El artículo de Krakauer se transformaría a la postre en un libro de no ficción titulado Into thin air (Mal de altura, Ed. Desnivel) y no tardaría en convertirse en un best seller internacional. Meses después, Bukreev, ayudado por el escritor G.W. DeWalt, decidió replicar con su versión de los hechos a través de otro libro titulado The climb (Everest, 1996. Ed Desnivel), donde enumeraba los riesgos de la montaña, cuestionaba, al igual que Krakauer, el alpinismo diletante creado por las expediciones comerciales y argumentaba en su propia defensa la imposibilidad de llevar a cabo un rescate eficiente en aquellas condiciones.
Como afirma el mítico alpinista español César Pérez de Tudela en su obra ¿Era necesario morir?: comentarios y reflexiones sobre el alpinismo contemporáneo (Ed. Desnivel): “La ayuda al compañero y los rescates de montaña fueron bellas leyendas de solidaridad, mostrando a la sociedad esas virtudes sobresalientes que encarnaban el valor, la humildad y el honor. Eran las virtudes que Occidente exhibía al mundo frente a la arbitrariedad, la rivalidad y la competencia desleal de los negocios. El alpinismo era la gran escuela de la vida.”. Este es y ha sido siempre el espíritu del alpinismo, un deporte que nos pone en contacto con el medio natural, nos sublima, nos empequeñece, nos conduce a la reflexión metafísica y nos hace más humanos. Sin embargo, en el último tercio del siglo XX, sobre todo a raíz de la gesta de Reinhold Messner, primer ser humano en alcanzar las cimas de los catorce ochomiles del planeta, se abrió una carrera competitiva en la que se implicaron grandes corporaciones, medios de comunicación internacionales e incluso algunos estados. Patrocinar ambiciosas expediciones, clavar banderas en las cimas más altas del mundo, escribir reportajes y crónicas para los grandes periódicos… O, dicho de otro modo: occidentalizar la montaña, urbanizarla, convertirla en un ring de boxeo, llevar a los escaladores a ella para que compitan por llegar los primeros, se convirtió en algo habitual a partir de los años ochenta.
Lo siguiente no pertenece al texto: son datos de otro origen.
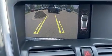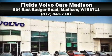Our sales reps are extremely helpful and knowledgeable. Please don't hesitate to give us a call.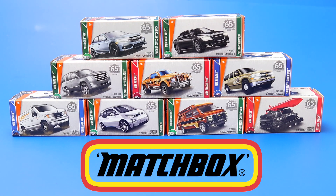What's up Peak Timers? Today we're going to open up and take a closer look at some of the newest Matchbox castings and then we're going to race them down the track.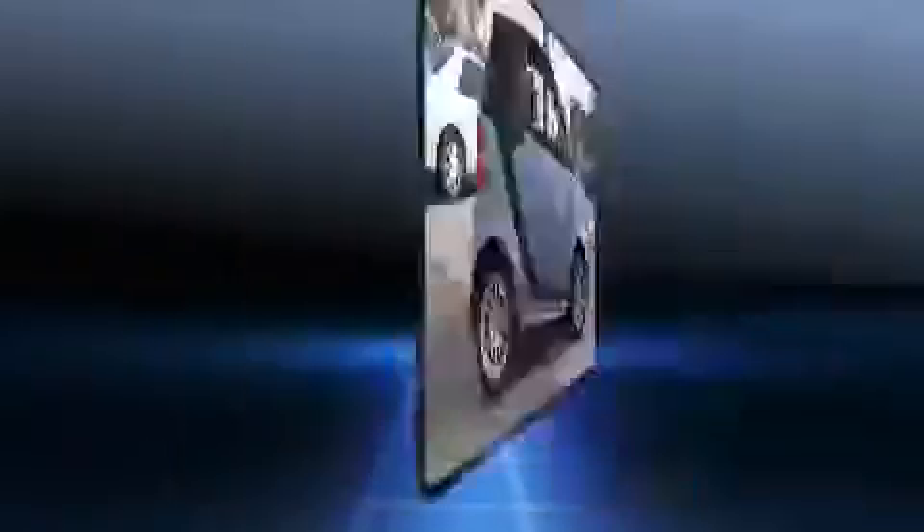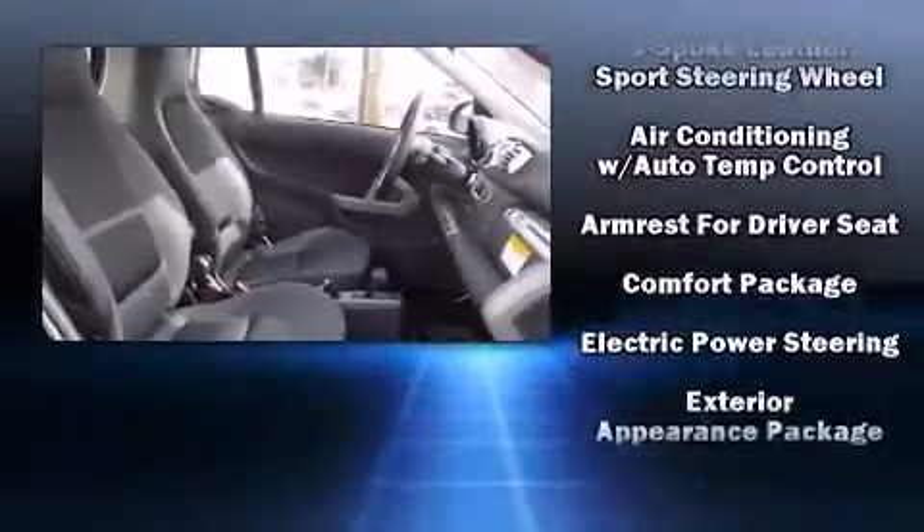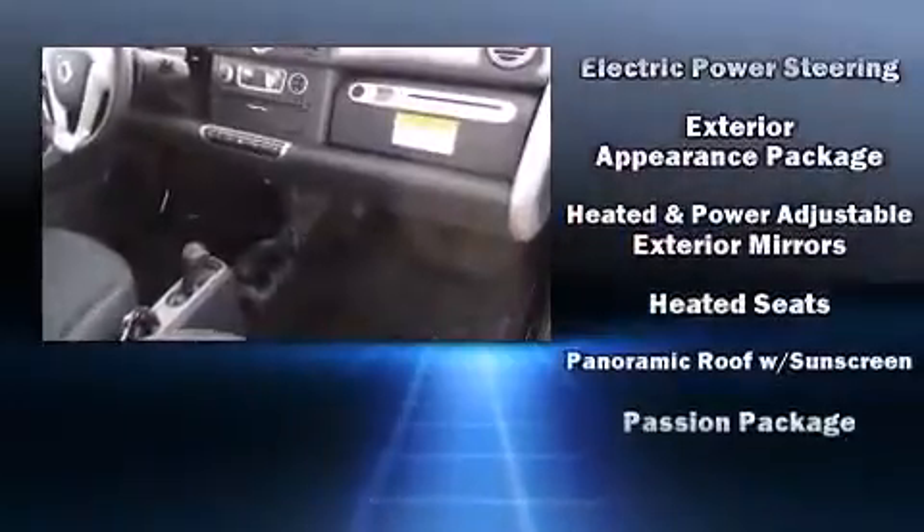Passenger security is always assured thanks to the various safety features such as dual front impact airbags, front side impact airbags, traction control, brake assist, ignition disabling, and ABS brakes.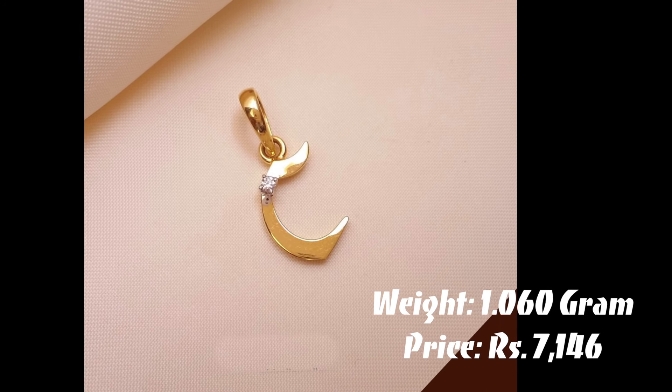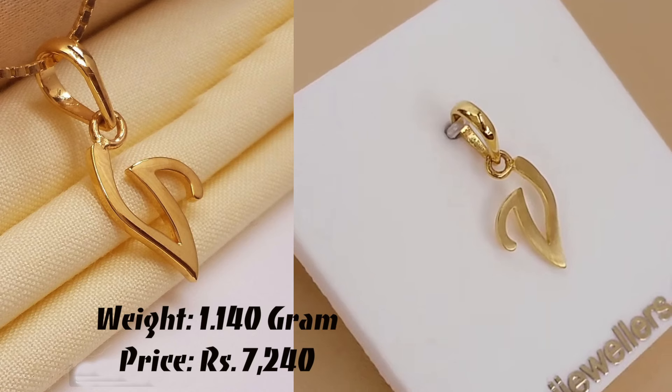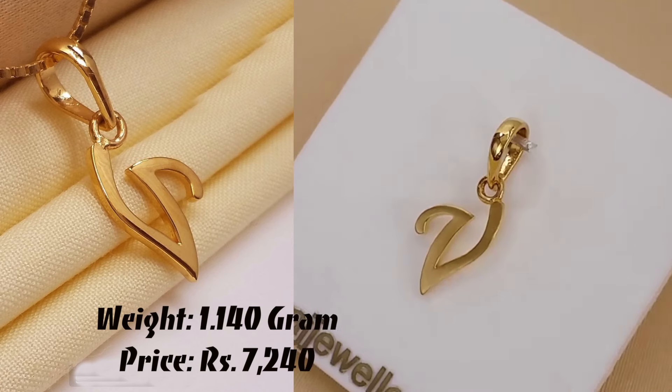Hey guys, welcome back to my channel. Today in this video, I am going to show you the latest Alphabet Pendant designs in Golden Diamond.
El himalayista kazajo Denis Urubko comentaba en un reportaje para televisión que en la alta montaña, al menos como él la entiende, no existen nacionalidades; “mientras estamos en ella, todos pertenecemos al mismo país; al de las montañas”. Urubko fue uno de los montañeros implicados en el rescate, por desgracia fallido, del navarro Iñaki Ochoa de Olza, quien, aquejado de un edema pulmonar a más de siete mil metros sobre una arista del Annapurna, falleció en su tienda a pesar de los esfuerzos de algunos de los mejores escaladores del mundo por rescatarlo. El carisma de Iñaki Ochoa era tan grande que alpinistas de la talla de Ueli Steck, Denis Urubko, Horia Colibasanu, Don Bowie o Alexei Bolotov, quienes, o estaban en la misma expedición o andaban esos días por la zona, se jugaron la vida por quien consideraban un amigo. Pues bien, este suceso ejemplar que cito, y que contiene las mejores virtudes de este deporte llamado alpinismo (y en el que se puede profundizar a través del documental Pura vida o del reportaje de Informe Robinson Iñaki Ochoa de Olza), se encuentra en las antípodas del espíritu que reina en las expediciones comerciales, donde una serie de alpinistas, muchas veces inexpertos, se unen a fin de resolver el problema de los costes, los porteos y los permisos; amateurs que suben como pueden y bajan sin fuerzas; sin mirar por la cordada, sin responder por los demás, sin remordimientos, pues no son amigos entre ellos, y, en su mentalidad, lo único que prima en caso de que ocurra un algún tipo de incidente es sobrevivir.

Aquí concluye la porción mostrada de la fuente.